In a nearly 10,000-word essay for Vox, Ezra Klein makes ten different arguments in service of his piece’s title: “The definitive case for ending the filibuster.” It’s a wide-ranging article, worthy of a read and some reflection.

But the fundamental question upon which his whole argument for killing the legislative filibuster rests appears early on: “Should we prefer a system in which parties can, occasionally, govern, or a system in which they can’t?” Klein asks.

To be sure, the purpose of government is to secure the people’s safety and happiness. We come together and consent to form a government to secure our natural rights, giving up some of our liberty only to the extent that doing so allows us to better secure all of our rights.

We should be very wary of a broken government, and, yes, we want our government to be able to govern when needed. Otherwise, why have one?

Even so, the filibuster, pace Klein, should not be scrapped completely. If it were, legislation could pass the Senate with the “Yea” votes of only 51 senators—50 if the vice president were called in to break a tie. Rather, it should be reformed so that the Senate can actually accomplish its admirable purpose as a check on the quick-moving, unfettered majoritarianism that’s proper to the House of Representatives.

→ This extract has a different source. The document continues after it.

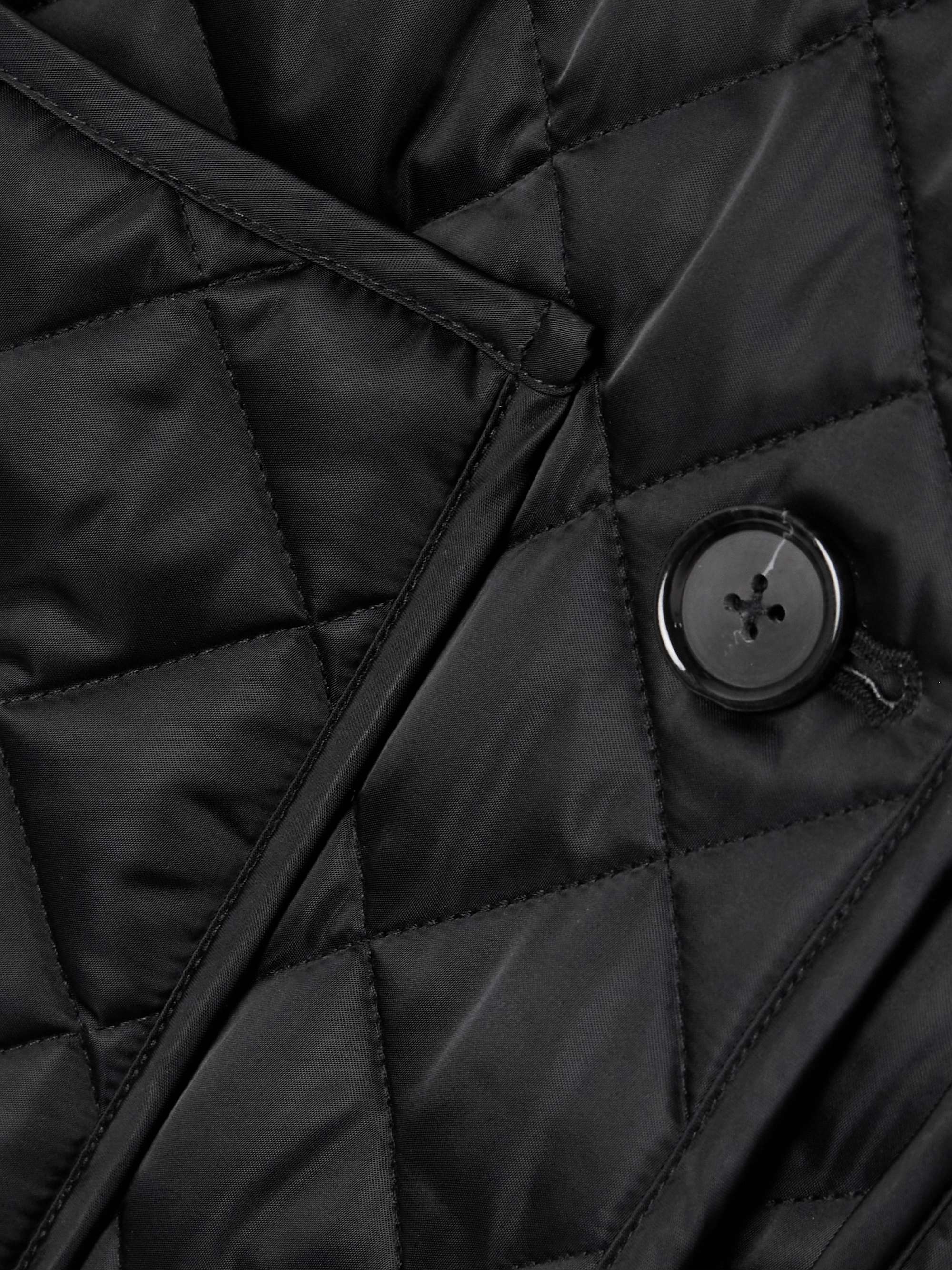 Scarf-detailed quilted recycled-shell jacket view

As it stands, however, and as Klein ably catalogs, the filibuster greatly handicaps Congress’ ability to govern in a meaningful way. That’s a big problem because Congress is the preeminent branch of the federal government, and when it’s broken, the whole system falters and starts to break down. This is obviously what’s happened in the past five decades, to disastrous effect.

In the spirit of supporting functional constitutional governance, what follows are two reforms that would help to revive America by improving the filibuster.

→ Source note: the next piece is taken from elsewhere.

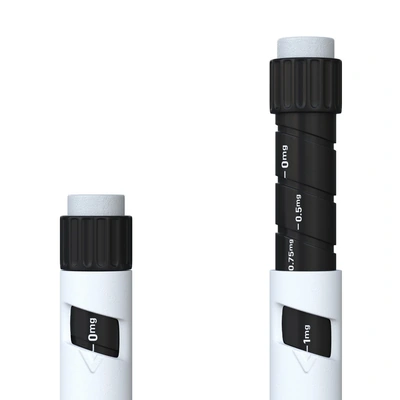 BPC157 & TB500 32mg dose dial with printed markings, close-up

Decrease the number of senators required to invoke cloture.

“The first known filibuster,” Klein writes, “occurred in 1841.” Back then “the filibuster permitted an impassioned minority to hold the floor, ensuring they could make their case, no matter the impatience of the majority.” In other words, it was “an unbreakable tool of delay.”

Today, conversely, “60 senators can force a vote using a process known as cloture.” But a three-fifths (60-vote) majority only became the magic number in 1975; back in 1917, when cloture was first introduced, a two-thirds (67-vote) majority was needed to break a filibuster.

So, why not lower it a bit more?

Given that the filibuster is not mandated by the Constitution (it’s a purely procedural creature of the Senate’s internal rules—Rule 22, to be precise), and the preeminent virtue in politics is prudence, it seems eminently reasonable to engage in some measured, clear-eyed experimentation aimed at improving the filibuster to meet the demands of the current moment.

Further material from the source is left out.